Top of The data

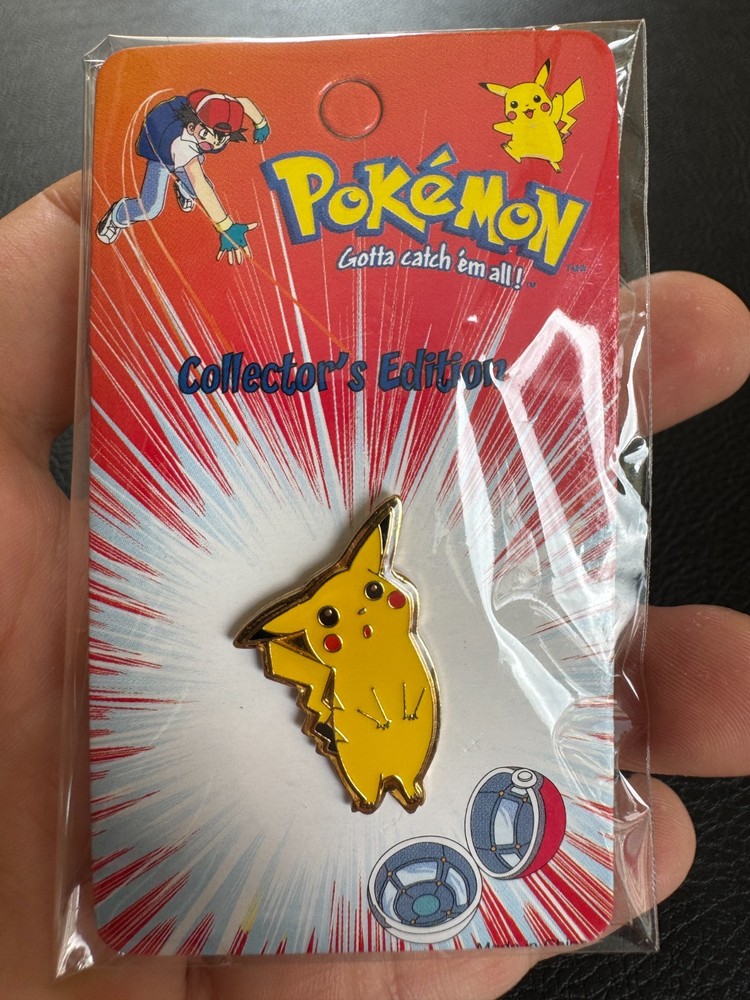 1999 Pokémon Pikachu Vintage Pin – UNPUNCHED – Nintendo Licensed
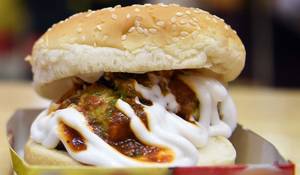 Chicken momos cheese burger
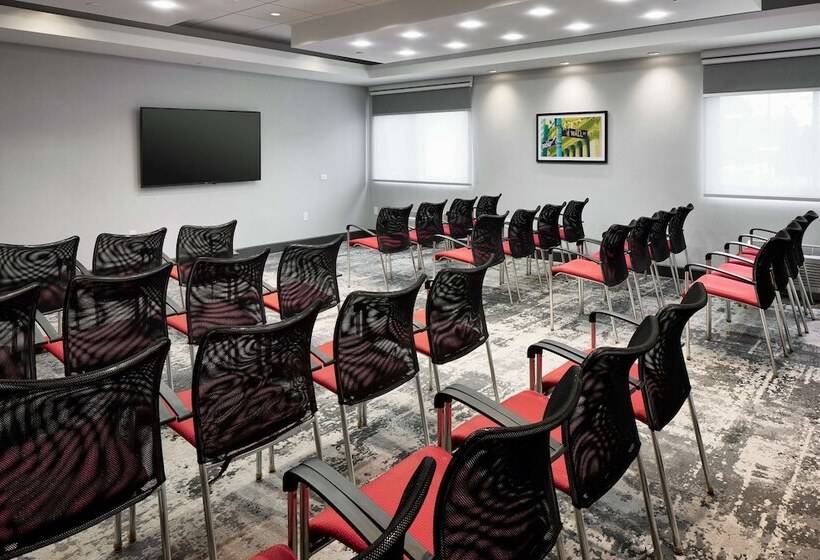 호텔 Hampton Inn Newark Airport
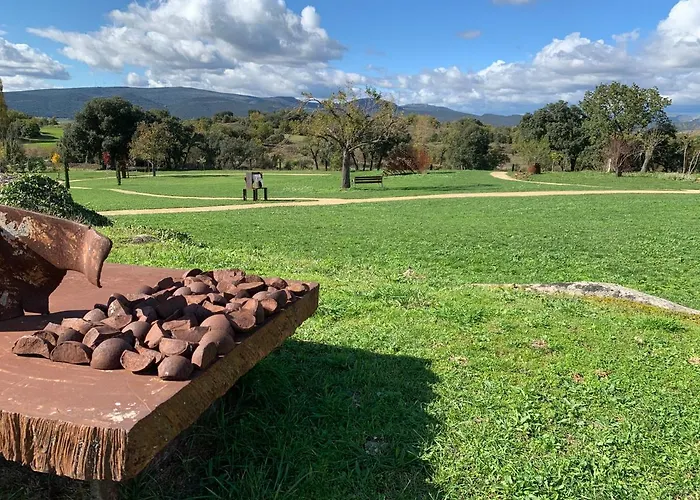 Vakantiehuis De Un Artista En Plena Naturaleza Piscina Y Parque De Esculturas En *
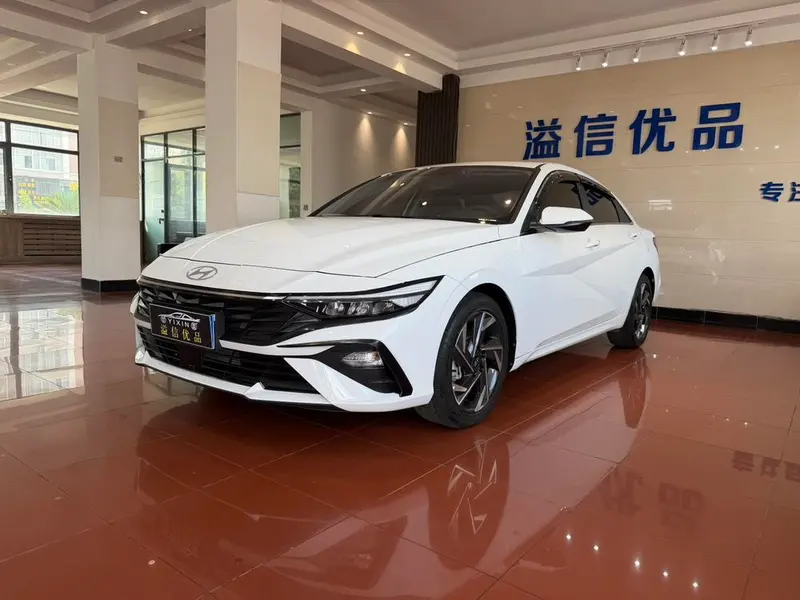 Hyundai Elantra 1.5L CVT LUX Premium Edition, 2023 — фото 1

Bottom of The data

__The problem__.
The required output is every line from the one containing "Chicken momos cheese burger" through the last line of the records, inclusive, reproduced exactly and without pictures.

__Solved problem__.
 Chicken momos cheese burger
 호텔 Hampton Inn Newark Airport
 Vakantiehuis De Un Artista En Plena Naturaleza Piscina Y Parque De Esculturas En *
 Hyundai Elantra 1.5L CVT LUX Premium Edition, 2023 — фото 1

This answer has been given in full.